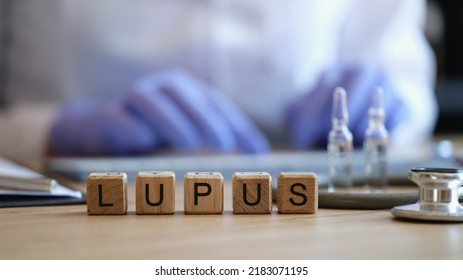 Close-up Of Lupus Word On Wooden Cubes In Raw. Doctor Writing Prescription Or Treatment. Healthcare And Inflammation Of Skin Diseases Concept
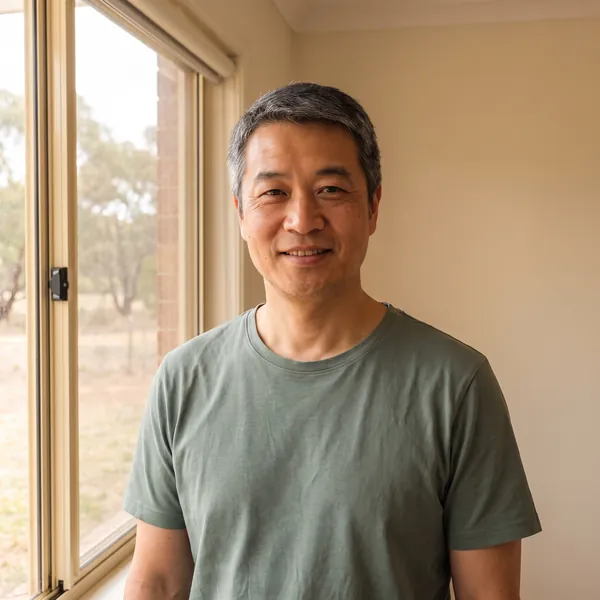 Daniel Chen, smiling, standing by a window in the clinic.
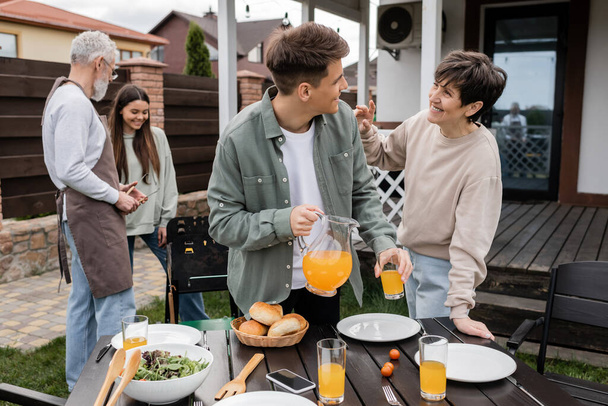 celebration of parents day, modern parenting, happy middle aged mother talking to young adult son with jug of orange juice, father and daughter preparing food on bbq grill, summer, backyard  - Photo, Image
---
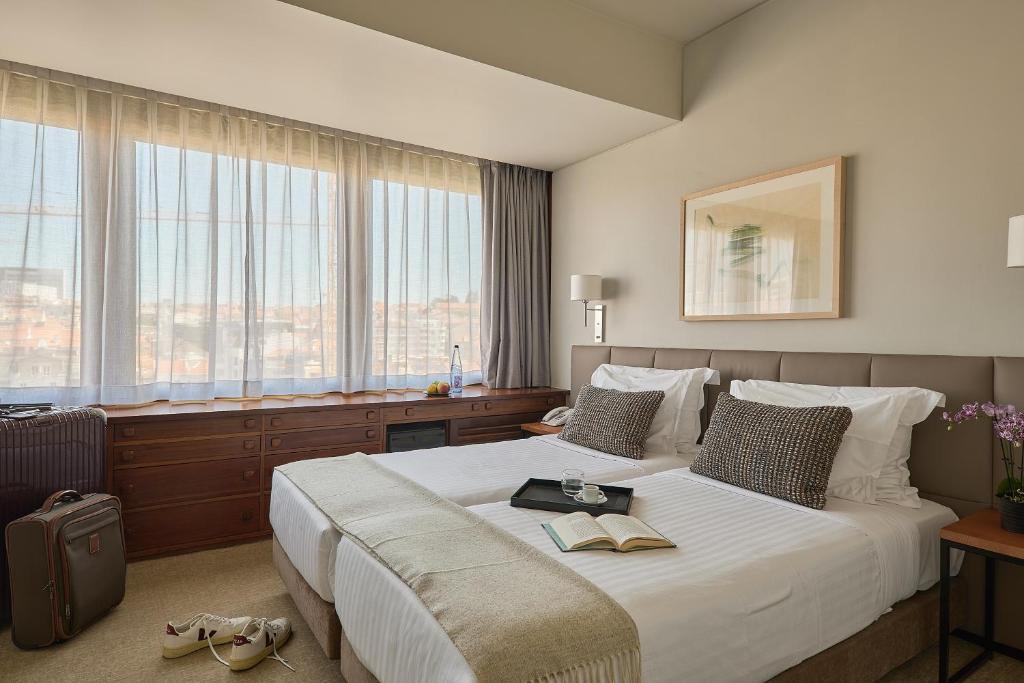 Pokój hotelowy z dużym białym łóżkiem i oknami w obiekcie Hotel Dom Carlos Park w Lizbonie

▶ [EXERCISE DETAILS]:
Take the material above from the line containing "Close-up Of Lupus" up to and including the line containing "celebration of parents" and retype it exactly, without any pictures.

▶ [PROBLEM SOLUTION]:
 Close-up Of Lupus Word On Wooden Cubes In Raw. Doctor Writing Prescription Or Treatment. Healthcare And Inflammation Of Skin Diseases Concept
 Daniel Chen, smiling, standing by a window in the clinic.
 celebration of parents day, modern parenting, happy middle aged mother talking to young adult son with jug of orange juice, father and daughter preparing food on bbq grill, summer, backyard  - Photo, Image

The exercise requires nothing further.